Recently I came home to find a note from my apartment management company warning people that dumping trash outside of the dumpster is prohibited. Furthermore, anyone caught doing so would be fined and continued infractions could lead to the offender being asked to vacate their unit. ALL CAPS and red text were used in abundance to indicate the intensity of the message.
On its face this makes perfect sense. You should absolutely not place garbage outside of the dumpster. Without question. It’s unsanitary and attracts rodents of varying sizes and ilks. However, the complex has 20+ units, several with multiple residents but only ONE dumpster and ONE trash day. In other words, residents aren’t equipped with sufficient resources to achieve the desired outcomes. This immediately made me think of – you guessed it – performance management.

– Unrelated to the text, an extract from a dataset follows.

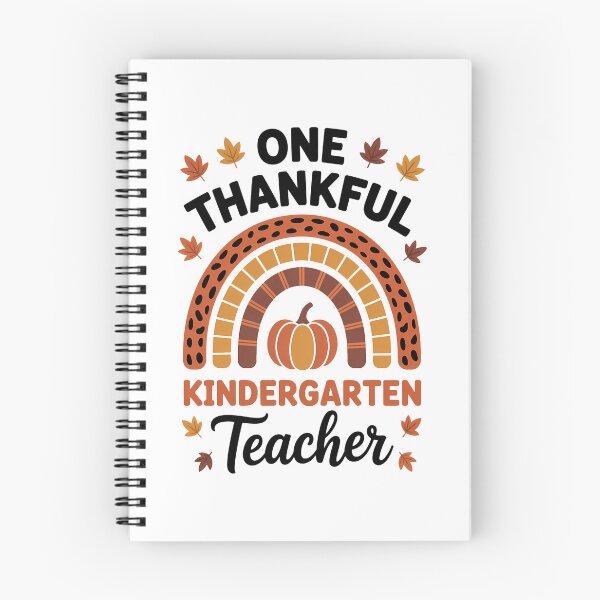 Item preview, One Thankful Kindergarten Teacher Thankgiving Rainbow designed and sold by Moon-Ape.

We can talk all day about how the traditional performance management system/process is broken. Too often I’ve seen managers hold their direct reports accountable for outcomes they haven’t provided them with sufficient resources to accomplish. The needed resources could be in the form of money, time, training, assistance or equipment. Missing resources can even be the criteria upon which the individual will be evaluated.
“You seem to be having a problem doing your job. You failed to meet the standards I never explained to you or reach the goals we never discussed.”
“I know you told me multiple times what you needed to accomplish these goals and I never provided it, but that doesn’t explain why it wasn’t done.”
We have to do better. Performance management doesn’t just take place once a year when you do the formal evaluation. Or even twice a year. It is an ongoing process of communication, feedback and coaching. It is understanding what your direct reports need in order to be successful in their roles and providing them with the necessary resources. It is encouraging their professional development and utilizing their strengths. Too often managers think ‘performance management’ is a static function based on using a particular tool. Every interaction you have with your team falls under performance management. Listen to your people. Help them help you, themselves and your organization be successful. Set clear and realistic expectations and provide the necessary training and resources for them to be accomplished.
Don’t be like my apartment complex. You know you don’t want garbage (poor performance) strewn around the place. So do what you need to do to keep it from happening. Don’t wait until it becomes a problem.